What I’m suggesting is that “I should be the sort of person who does the thing that has positive expected utility” causes me to pay out in a Counterfactual Mugging, and causes me to not pay out in a Counterfactual Antimugging, without requiring any prophecy. And that as far as I know, this is representative of the locally bandied-around solutions to decision-theory problems.
Is this not true?
I agree that this is not something I can sensibly protect against. I’m not actually sure I would call it a decision theory problem at all.

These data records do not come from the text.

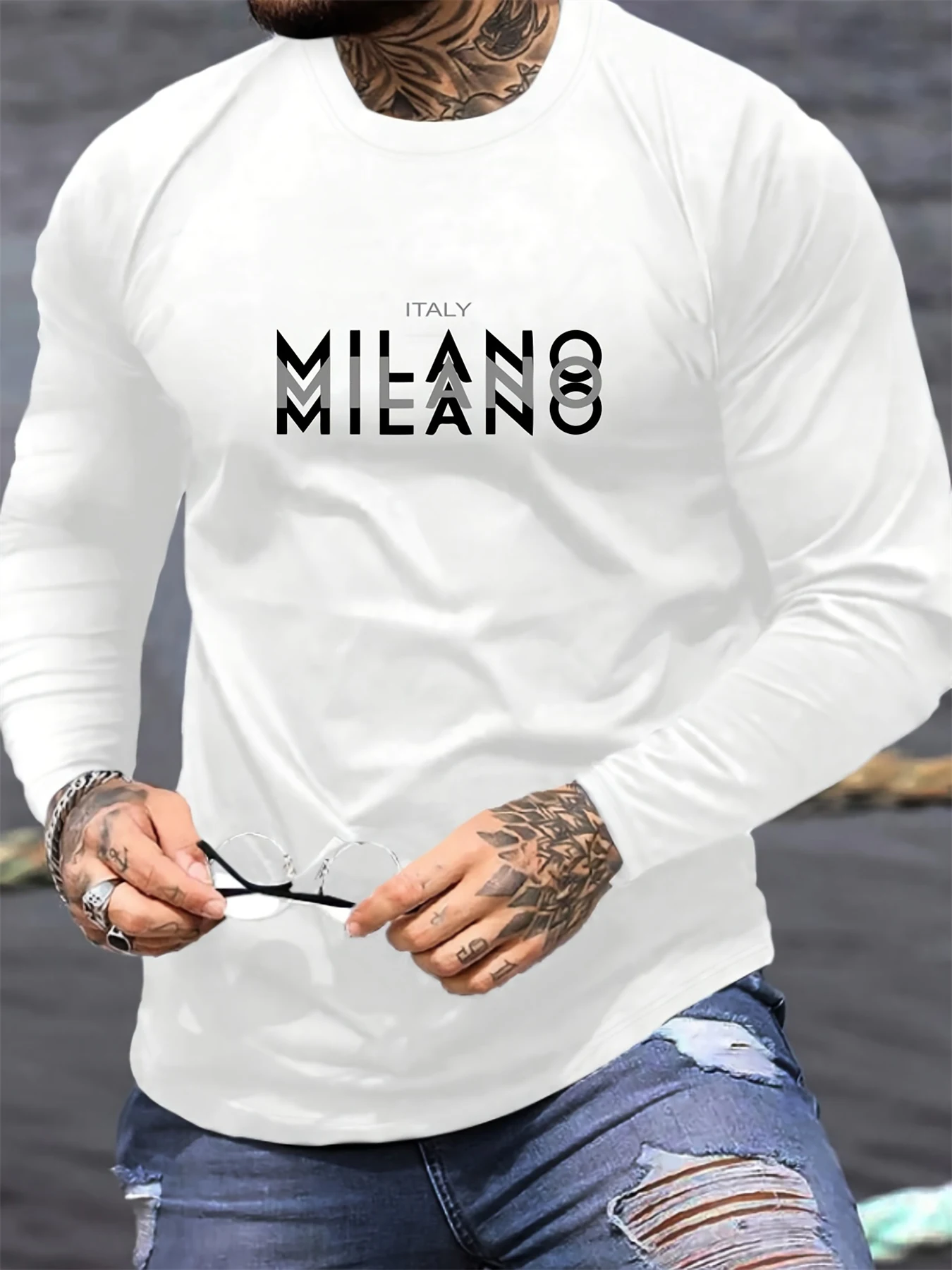 Men's 100% pure cotton loose fit plus size comfortable casual sports mountain pattern printed round neck long sleeved T-shirt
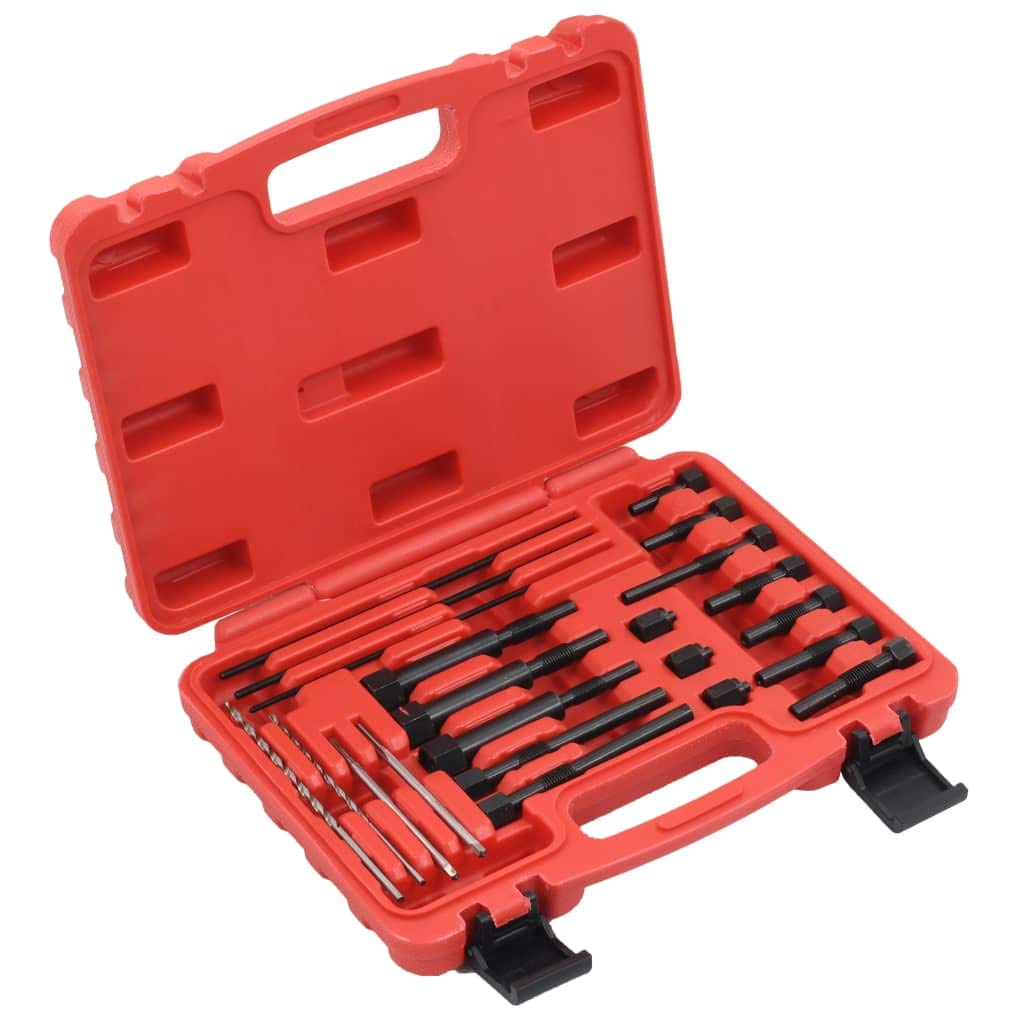 Juego de reparación de bujías incandescentes de 22 piezas, de acero al carbono, machos de roscar en espiral, tuerca de extracción para M8 x 1 M10 x 1 M10 x 1,25, guía de perforación, maleta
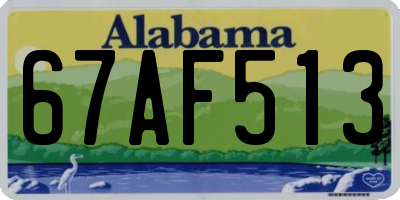 AL license plate 67AF513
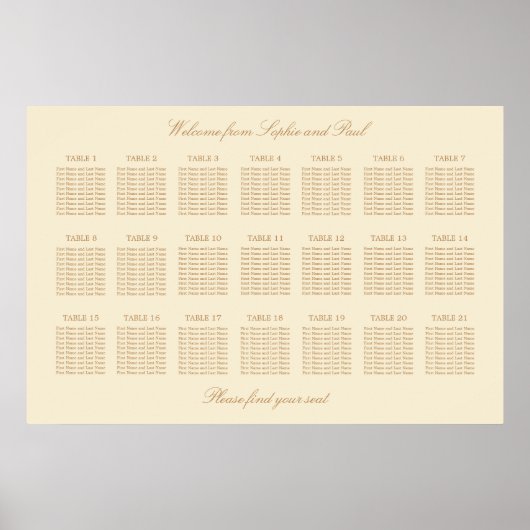 Affiche de plan de table de mariage crème beige 21 (Devant)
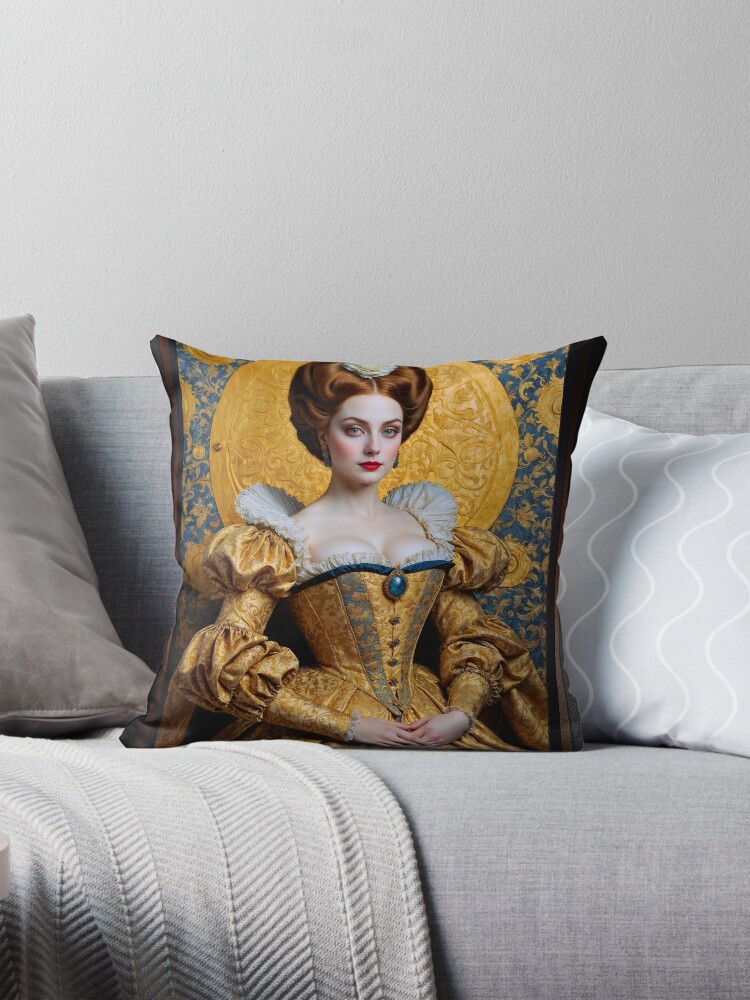 An Elegant Portrait Of The Grand Duchess Anastasia Alexanovina AI Concept Art by Xzendor7 - Her Beauty Defined An Era 4 An Elegant Portrait Of The Grand Duchess Anastasia Alexanovina Gorgeous AI Concept Art by Xzendor7 Decorative Art Print Throw Pillow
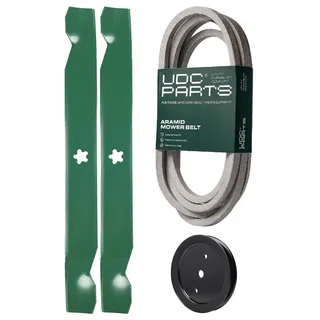 UDC Parts Mower Kit / Belt 539114557 + Pulley 195945 + 2 Pack Blades 138971 / Fits Husqvarna RZ4219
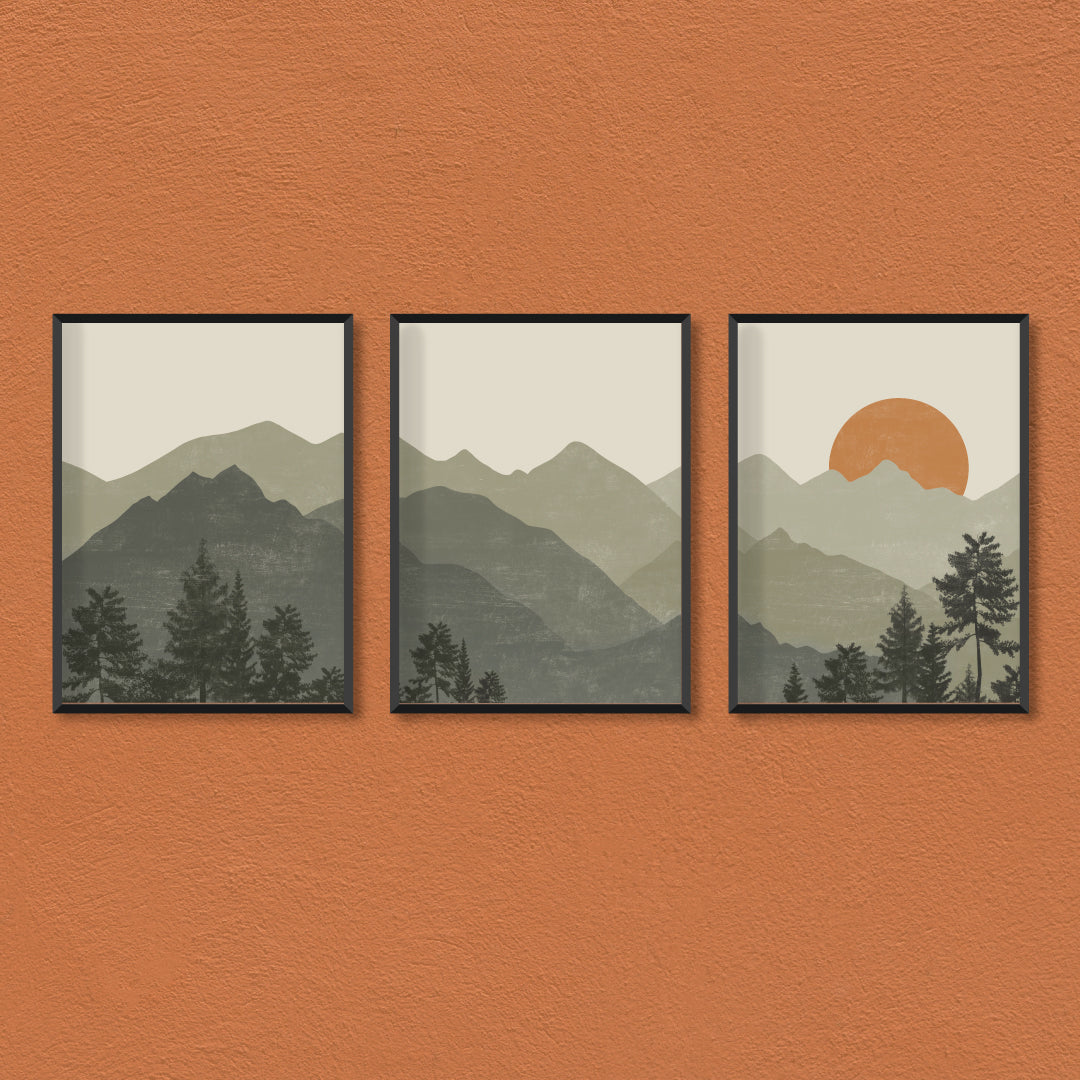Boho Green Mountain Set of 3 Walls Premium Wall Art Canvas by MeriDeewar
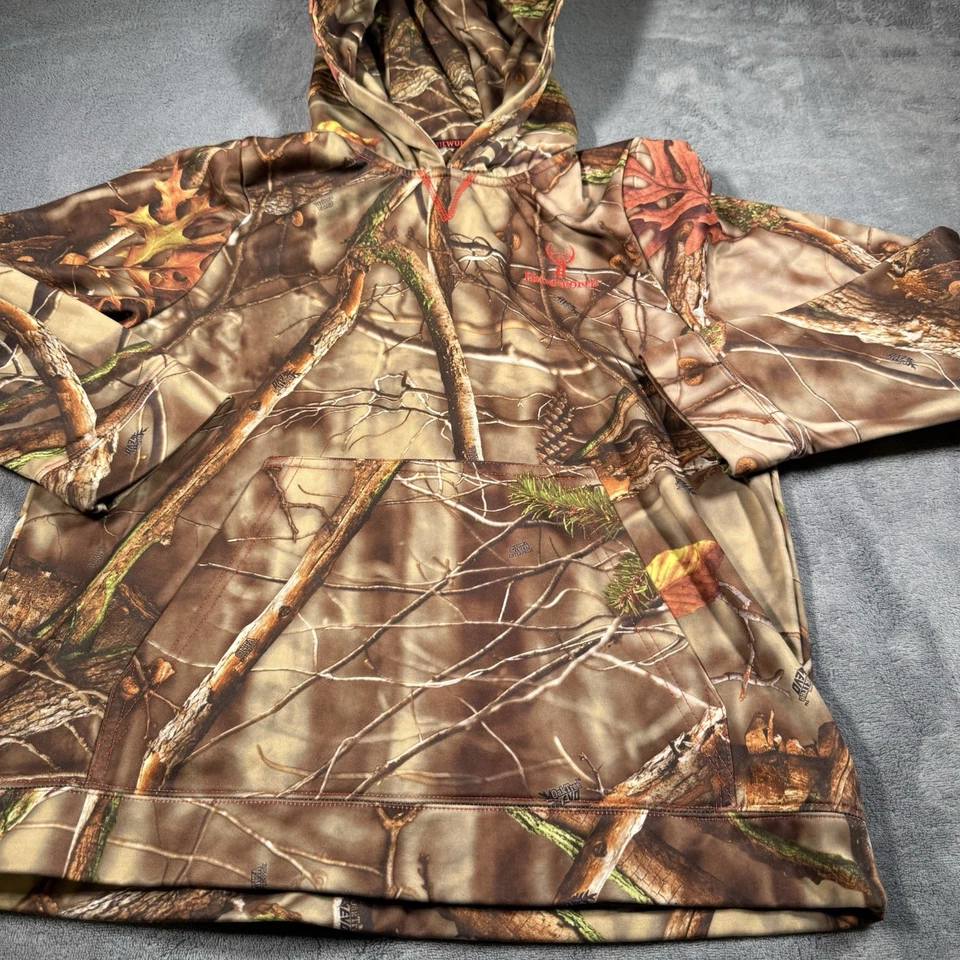  Huntworth XL Camo Hoodie Realtree Hunting Pullover Sweatshirt Outdoor Gear - Image 4 of 4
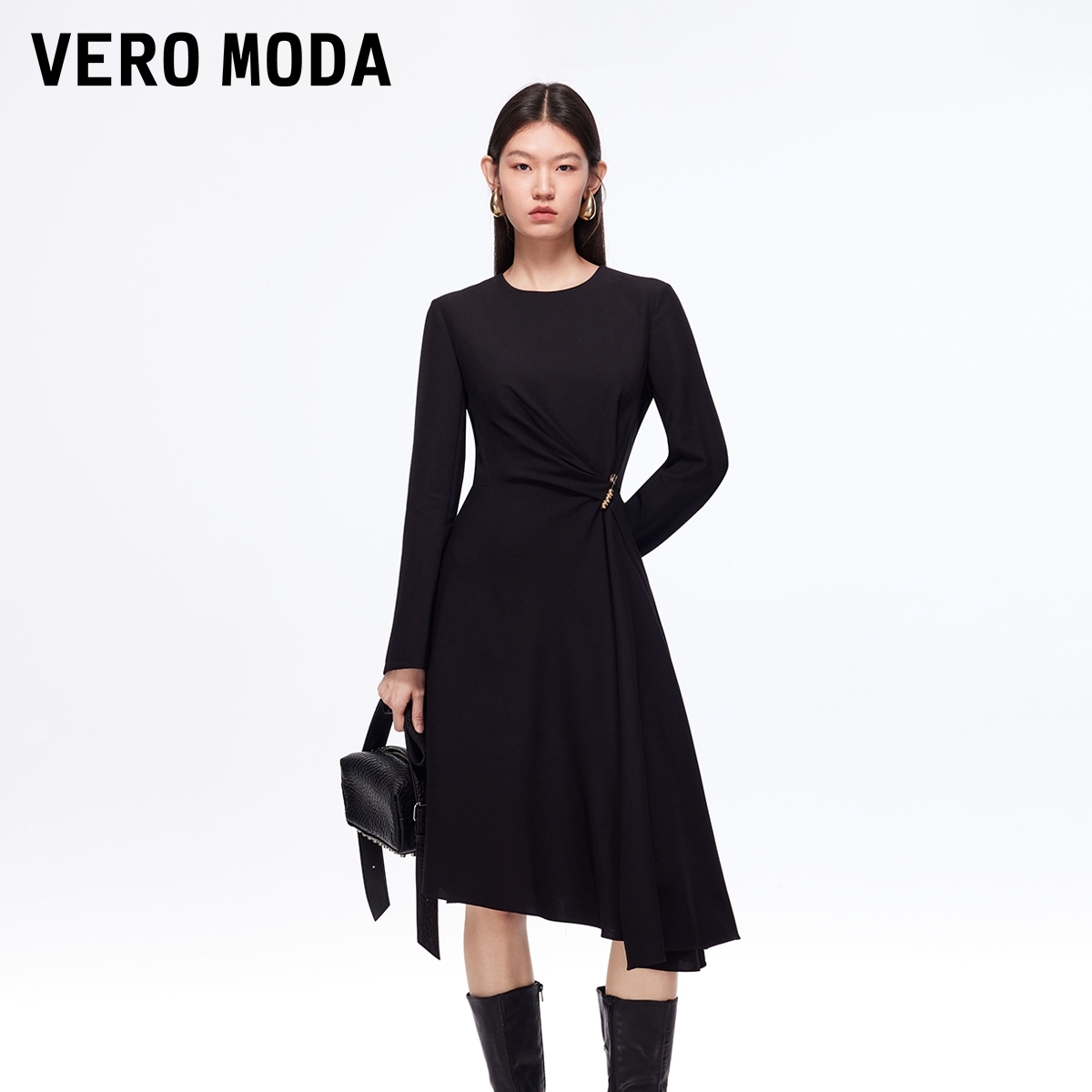 Vero Moda连衣裙2025秋冬新款收腰显瘦不规则裙摆小黑裙流光风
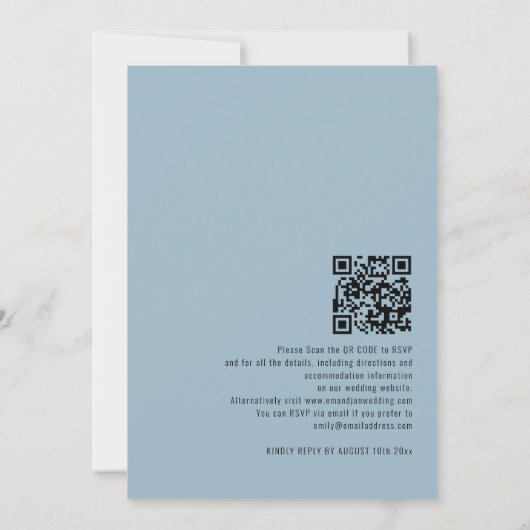 Forever Eucalyptus QR Code 結婚'sに決定 招待状 (裏面)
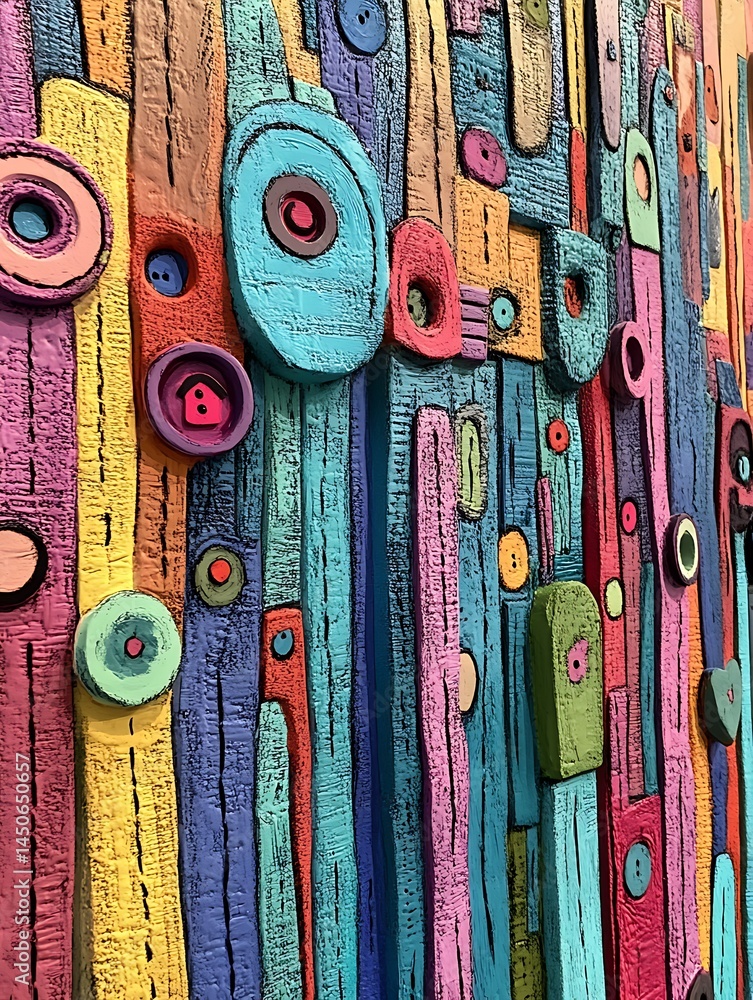 Poster vibrant multicolored abstract art featuring vertical textured planks with embedded circular and irre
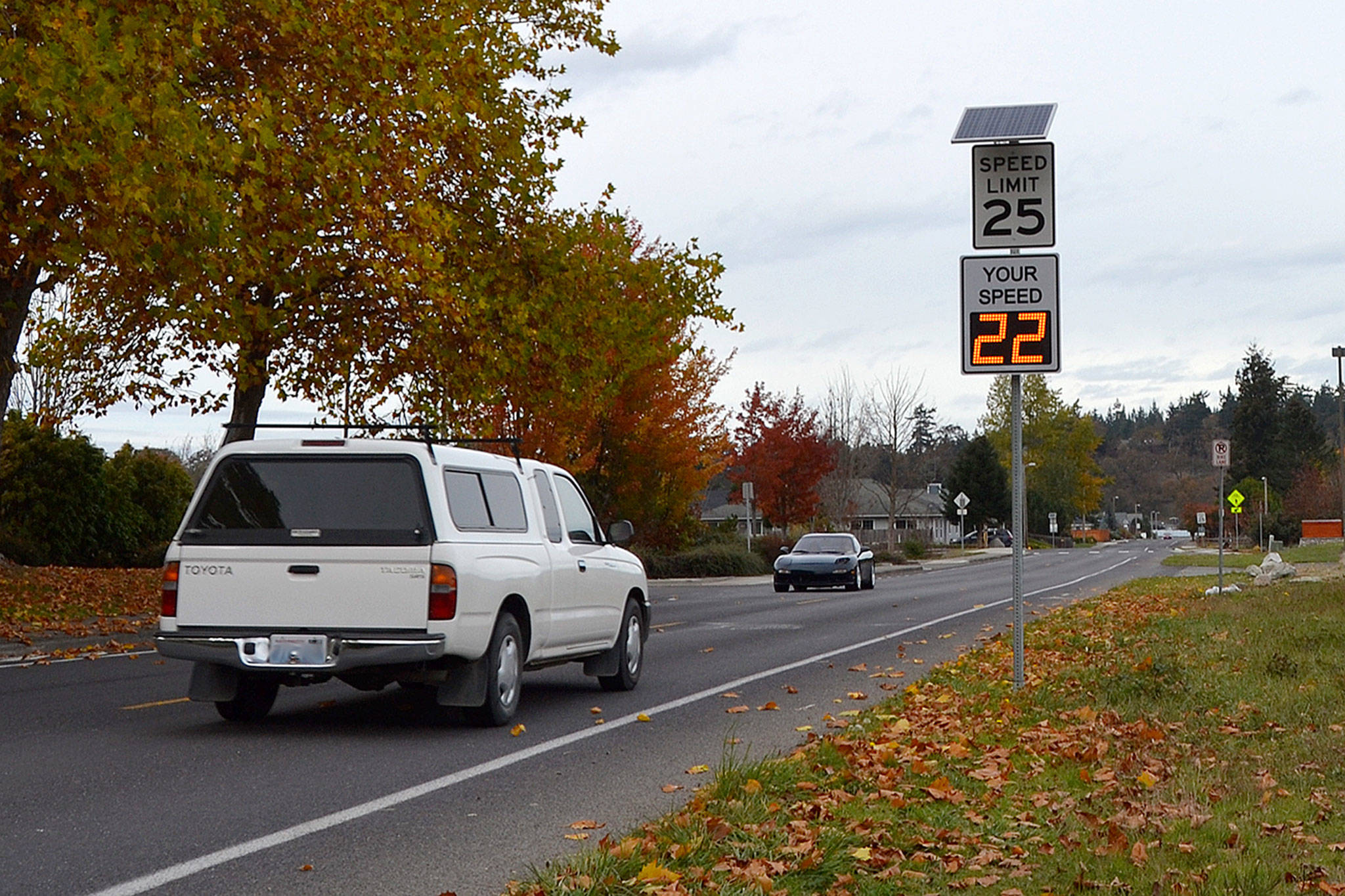 The first of 19 speed signs are up in the City of Sequim, including this sign on Blake Avenue by Carrie Blake Community Park. City of Sequim staff said a few are being installed each week. Sequim Gazette photo by Matthew Nash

In the inversion I suggested to the Counterfactual Mugging, your payout is determined on the basis of whether you pay up in the Counterfactual Mugging. In the Counterfactual Mugging, Omega predicts whether you would pay out in the Counterfactual Mugging, and if you would, you get a 50% shot at a million dollars. In the inverted scenario, Omega predicts whether you would pay out in the Counterfactual Mugging scenario, and if you wouldn’t, you get a shot at a million dollars.
Being the sort of person who would pay out in a Counterfactual Mugging only brings positive expected utility if you expect the Counterfactual Mugging scenario to be more likely than the inverted Counterfactual Mugging scenario.
The inverted Counterfactual Mugging scenario, like the case where Omega rewards or punishes you based on your keyboard usage, isn’t exactly a decision theory problem, in that once it arises, you don’t get to make a decision, but it doesn’t need to be.
When the question is “should I be the sort of person who pays out in a Counterfactual Mugging?” if the chance of it being helpful is balanced out by an equal chance of it being harmful, then it doesn’t matter whether the situations that balance it out require you to make decisions at all, only that the expected utilities balance.
If you take as a premise “Omega simply doesn’t do that sort of thing, it only provides decision theory dilemmas where the results are dependent on how you would respond in this particular dilemma,” then our probability distribution is no longer flat, and being the sort of person who pays out in a Counterfactual Mugging scenario becomes utility maximizing. But this isn’t a premise we can take for granted. Omega is already posited as an entity which can judge your decision algorithms perfectly, and imposes dilemmas which are highly arbitrary.